Which Local Model Should You Use with Void AI?
The right model depends on your hardware and primary use case. A practical two-model setup works well: a small fast model for autocomplete and a larger model for chat and inline edits.
- Autocomplete (low latency): Qwen2.5-Coder 1.5B Q8 — needs approximately 2 GB VRAM or 4 GB RAM
- Chat and inline edit on a mid-range GPU (6 GB VRAM): Qwen2.5-Coder 7B Q4
- Chat and inline edit on a high-end GPU (10 GB VRAM): Qwen2.5-Coder 14B Q4
- CPU-only, no GPU: Qwen2.5-Coder 3B Q4 — needs approximately 8 GB RAM
- Agentic and multi-file refactor (12 GB VRAM): DeepSeek-Coder-V2 Lite Q4
All of the models above are available via ollama pull or as GGUF downloads for LM Studio.
Troubleshooting Common Void AI Issues
Ollama models not appearing in Void
Verify Ollama is running: open a terminal and run ollama list. If it hangs or errors, restart Ollama. Then in Void AI Settings, navigate to the Ollama provider and click Refresh Models. On Linux with an AppImage install, check that the OLLAMA_HOST environment variable is not set to a non-default value.
Autocomplete feels too slow
Switch to a smaller model for autocomplete. Qwen2.5-Coder 1.5B responds in under 200ms on most hardware. If you are on CPU-only hardware and find even small models too slow, disable autocomplete entirely in Void Settings under AI and rely on Ctrl+K inline edits for on-demand suggestions instead.
LM Studio endpoint returns 404 or connection refused
Confirm LM Studio's server is running — the server tab should show a green Running badge. Check that the base URL in Void is http://localhost:1234/v1 with the trailing /v1 included. Omitting it causes 404 errors. Also confirm the model ID in Void matches the exact model ID shown in LM Studio's server panel.

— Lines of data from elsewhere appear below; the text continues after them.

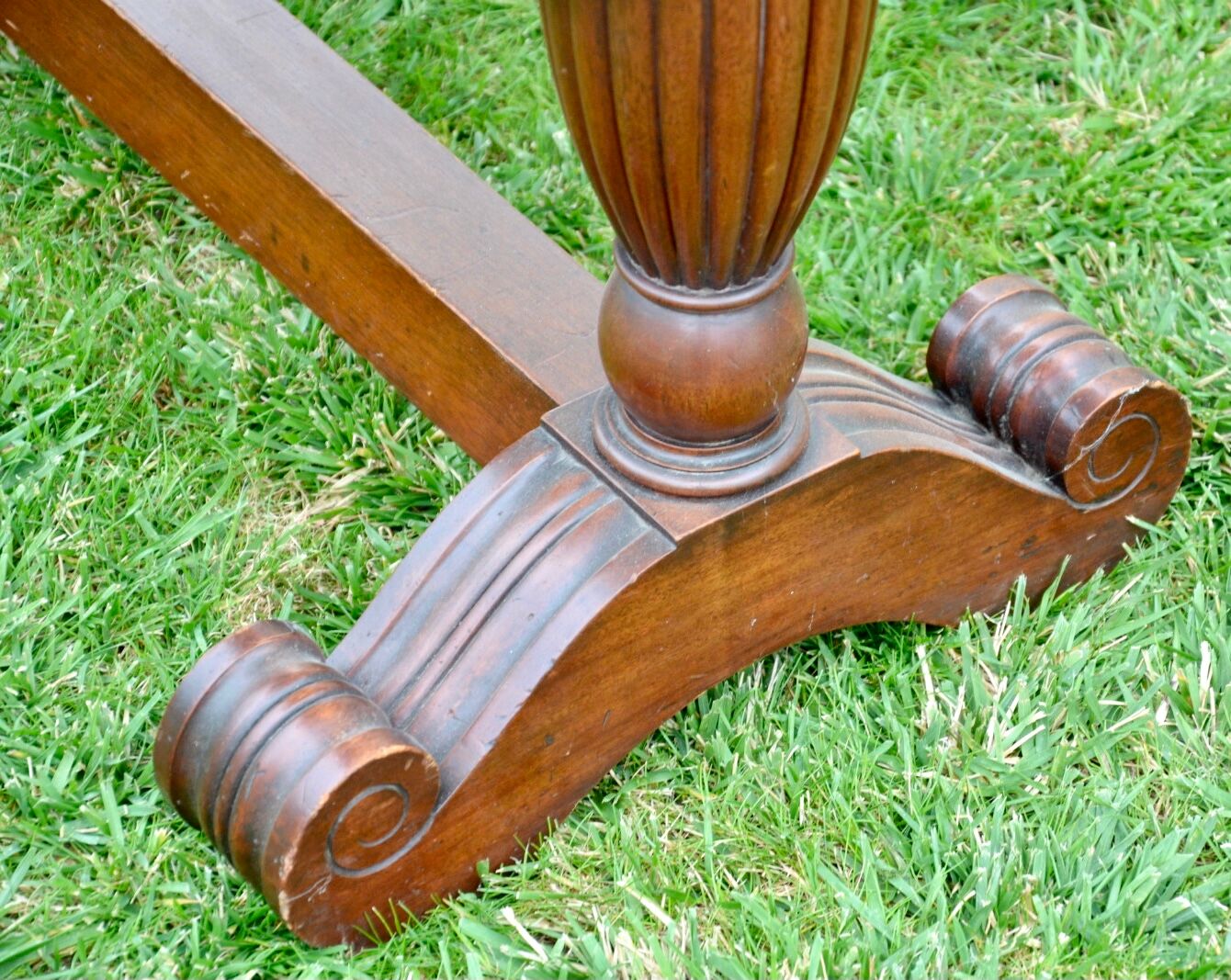 Table or Guerdon Oval in Massive Mahogany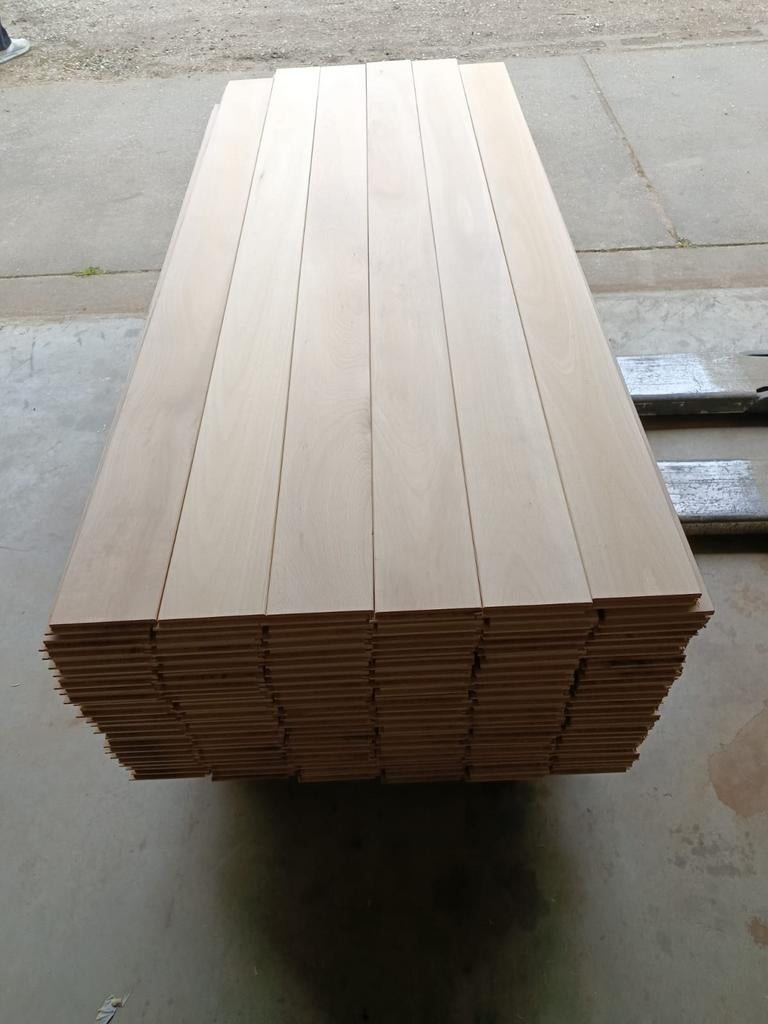 28M2 massieve beuken vloer #VERNIEUWD#, 10 m² of meer, 10 tot 30 cm, Hout, 150 cm of meer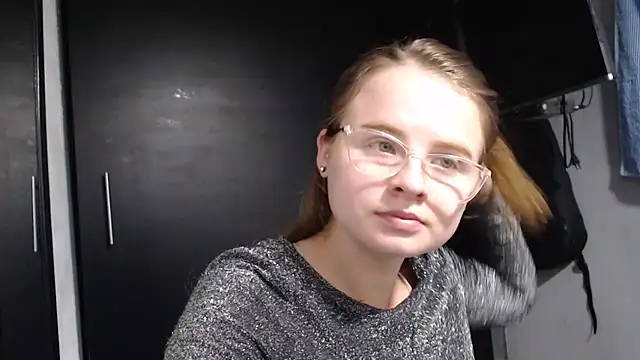 HellenMiyer1111 online show from February 2025 12:04:01 AM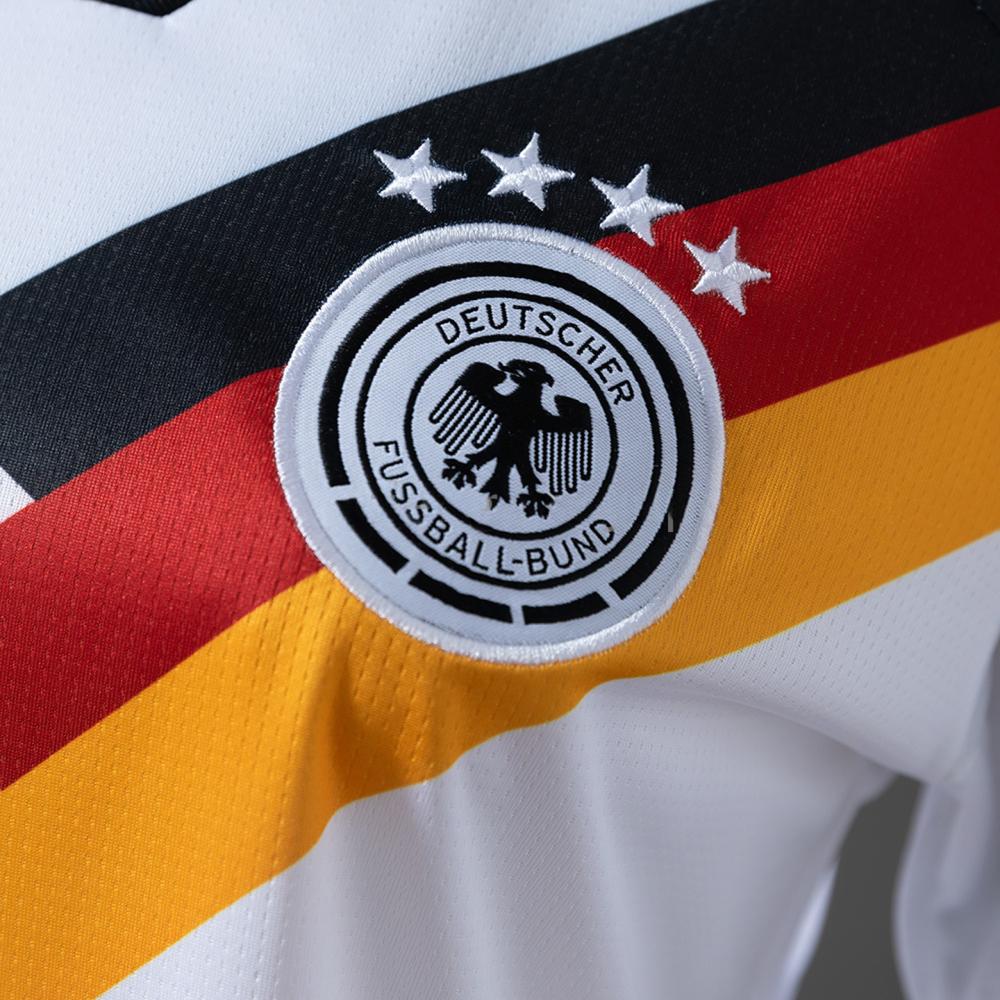 Alemania Local 26/27 - Versión Fan 4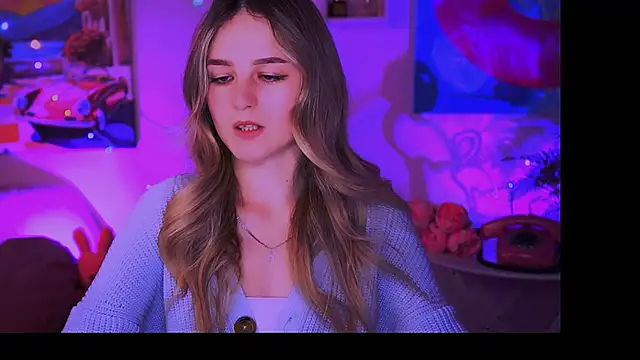 Snapshot of DeboraLarson chatting on 02.06.25 DeboraLarson online show from 02.06.25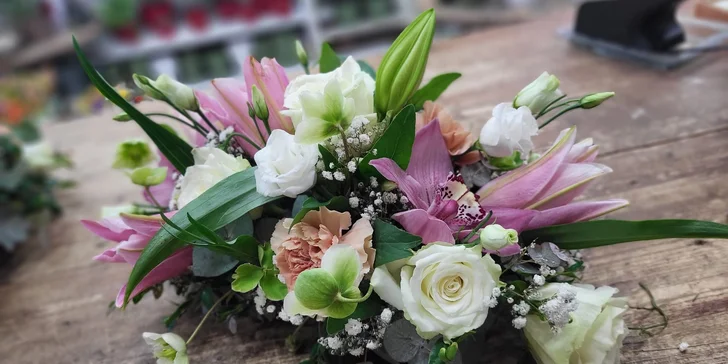 Vázání i vypichování kytic či kurz Na den floristkou vč. pomůcek a materiálů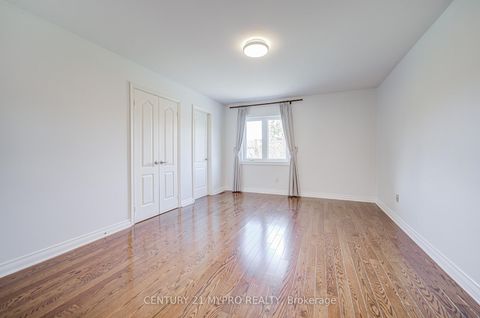 Photo 30 at 22 Ardwold Gate, Bayview Hill, Richmond Hill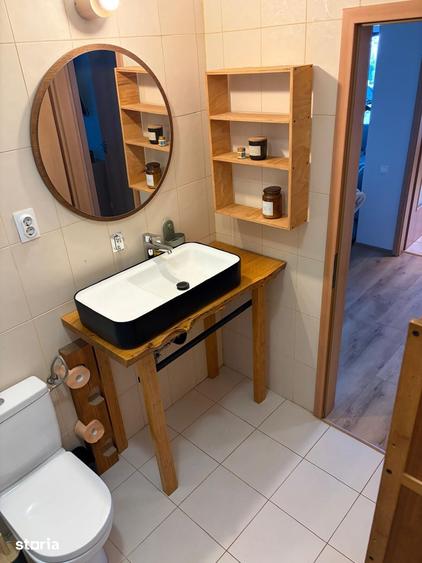Apartament cu 3 camere decomandat în Doamna Ghica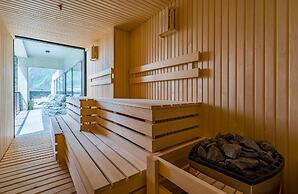 Step inn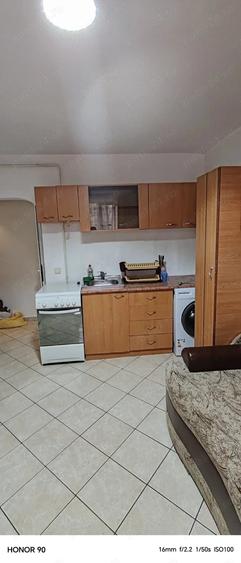 Garsonieră decomandată în Micro 19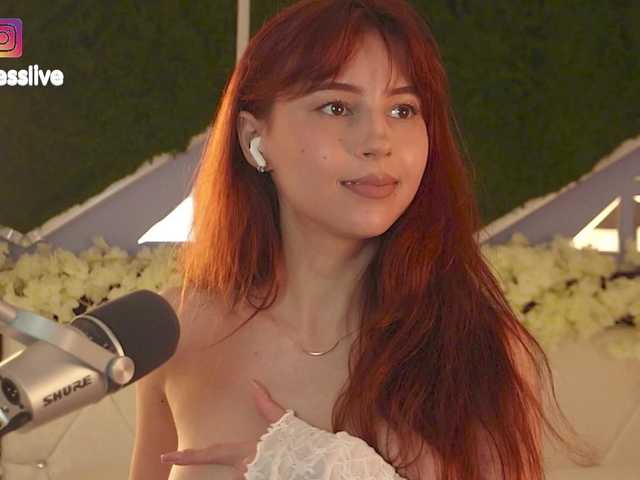 Greedy-Kim5's BongaCams show and profile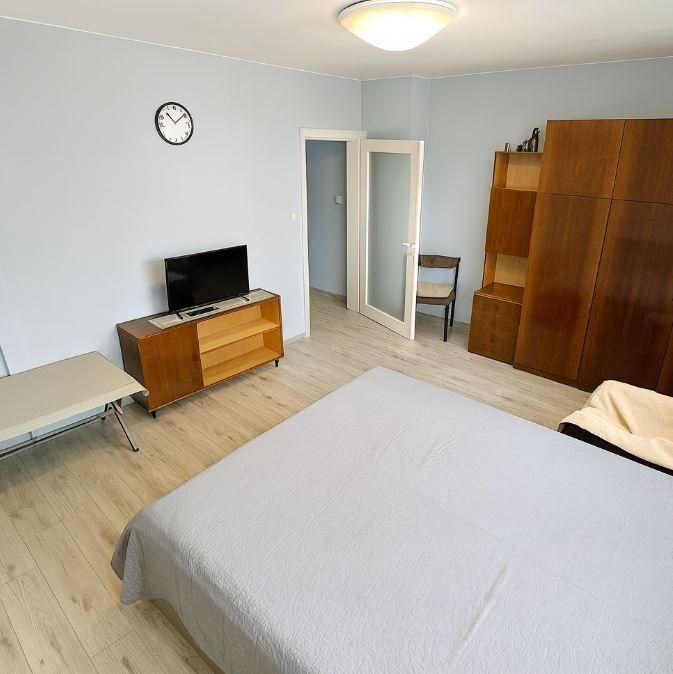 Дава се под наем Двустаен апартамент в Варна, Младост 1 - 41 кв.м за 350 € - Снимка #1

VS Code extensions not available in Void
Void uses the Open VSX Registry instead of the Microsoft Extension Marketplace due to licensing constraints. Most popular extensions — ESLint, Prettier, GitLens, language packs — are available on Open VSX. If a specific extension is missing, download the .vsix file from the VS Code Marketplace and install it via Extensions: Install from VSIX.
Tip: If migrating from VS Code, use Void's built-in migration tool during onboarding. It imports your extensions list and attempts to resolve each one from Open VSX automatically.